What is LS?
Lichen sclerosus (LS) is a benign, chronic, progressive condition affecting the skin of the vulva, which is characterized by severe inflammation, changes to skin thickness (thinning or thickening) and hypo-pigmentation (loss of pigment), scarring down of the vulvar tissues such as the clitoral hood, and loss of vulvar anatomy (including partial or total resorption of the labia minora) if left untreated. These skin and anatomical changes are accompanied by symptoms of itching, burning and pain. Women with vulvar LS are at increased risk of developing squamous cell cancer (SCC) of the vulva.

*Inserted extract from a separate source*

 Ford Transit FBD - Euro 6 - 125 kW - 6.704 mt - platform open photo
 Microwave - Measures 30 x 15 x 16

LS typically occurs in the ano-genital area: with 85-98% of cases affecting the vulva, perineal, and peri-anal area, but it can occur on other skin areas. Vulvar LS can occur at any age, from infancy to elder age, but usually two peaks of onset: pre-pubertal girls and peri-menopausal or post-menopausal women.

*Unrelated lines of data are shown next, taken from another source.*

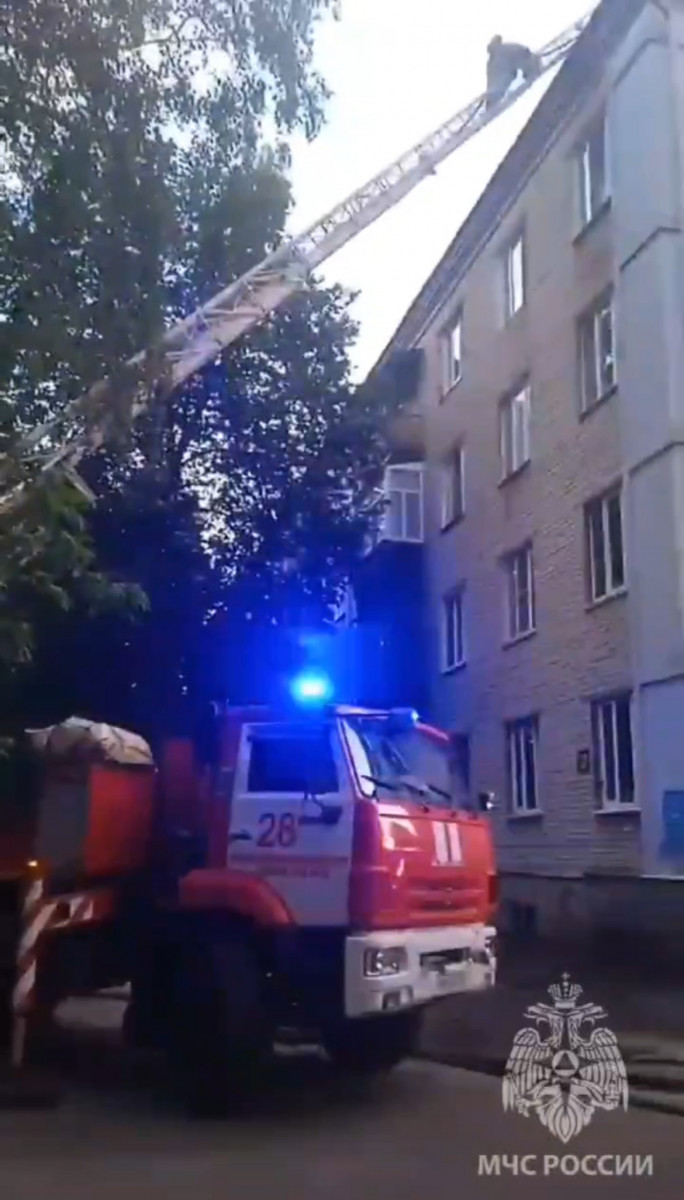 Более 30 человек эвакуировали из горящего дома в центре Нижнего Новгорода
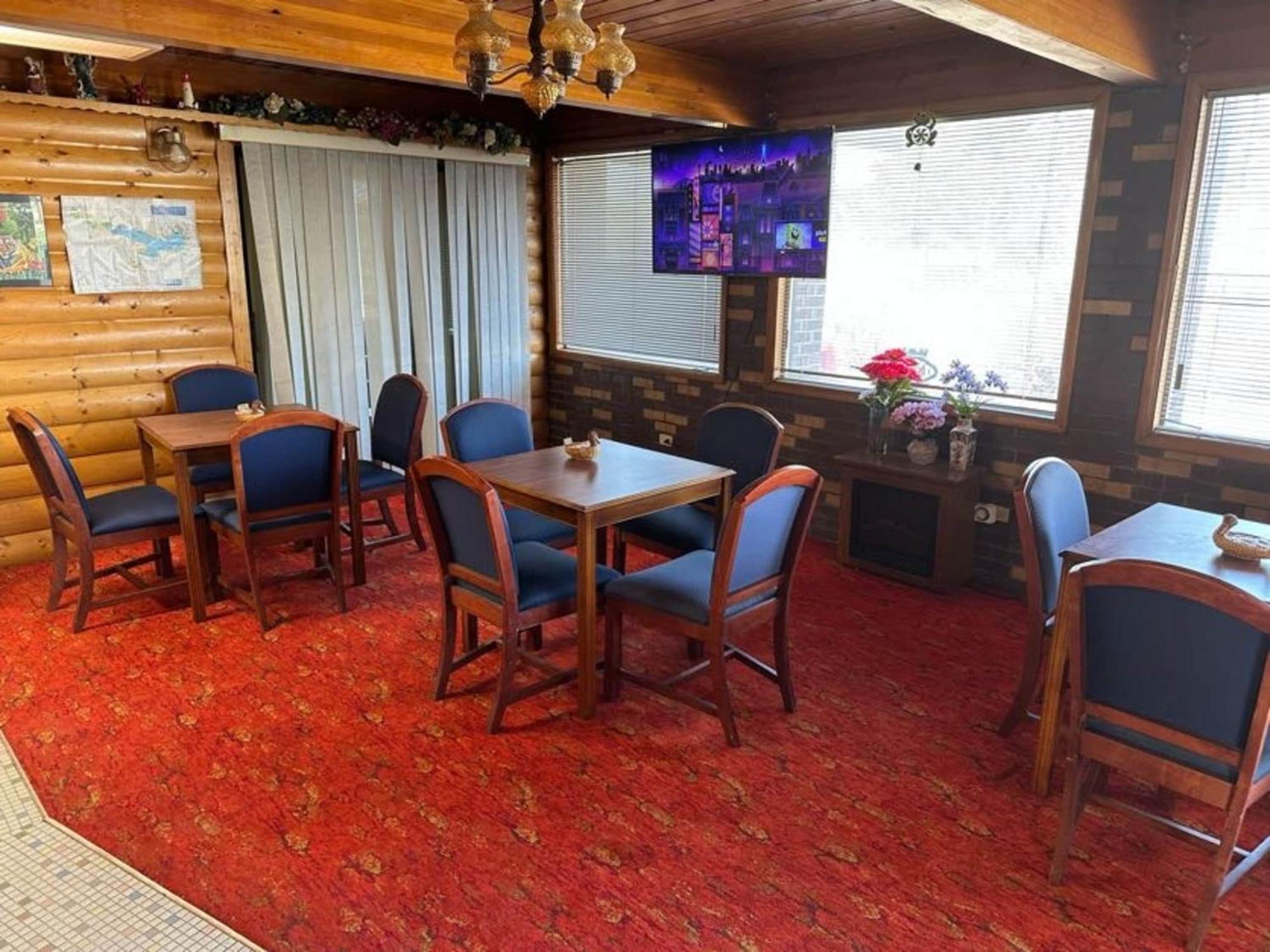 Love Hotels Western Holiday By Oyo At Harlan Lake Ne Alma Esterno foto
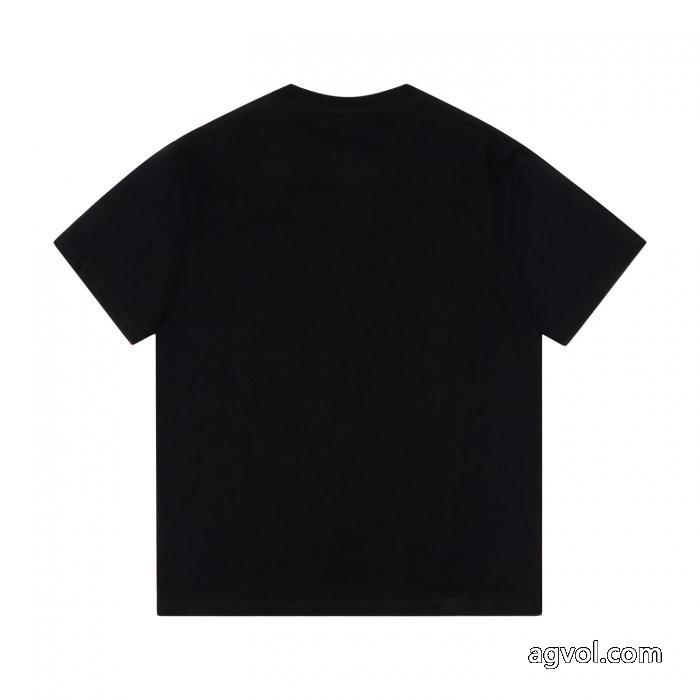 即対応 価格帯が魅力的 存在感のある半袖Tシャツコピー 品 販売PRADA_0_3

Once present, condition is chronic and lifelong: there is no cure, but there are safe, effective, and well-established treatments. Early diagnosis and appropriate treatment is important to prevent transformation to cancer of the vulva, and also to prevent pain, scarring, psychosocial distress and sexual dysfunction that often accompanies the disfiguring physical changes and discomfort associated with untreated LS. These changes can be prevented, and in some cases reversed (to a certain degree) with treatment.
What Causes LS?
The cause of LS is unknown. Proposed mechanisms include genetic factors, hormonal factors, auto-immunity, and cell- and vulvar-specific factors.
How is LS Diagnosed?
LS may be diagnosed clinically based on a physical exam by a physician, who may take a small biopsy to confirm the condition.
How is LS Treated?
The treatment with the best evidence for safety and efficacy is topical corticosteroids (of appropriate strength), prescribed based on the severity and course in the disease, which usually needs to be used life-long, at a frequency recommended by your physician, in conjunction with regular follow-up.
On her podcast, The Vulva Diaries, Toronto-based gynaecologist and President of the International Society for the Study of Vulvovaginal Disease (ISSVD), Dr. Amanda Selk weighs in with dermatologist and expert in lichen sclerosus, Dr. Gayle Fischer, about the new and best treatments for this chronic condition. Bottom line? Topical steroids remain the treatment of choice. Newer treatments such as topical calcineurin inhibitors, laser therapy, platelet rich plasma injections do not have the same level of evidence for effectiveness to support their use as first-line treatment. There is no evidence to support the use of natural remedies to treat LS.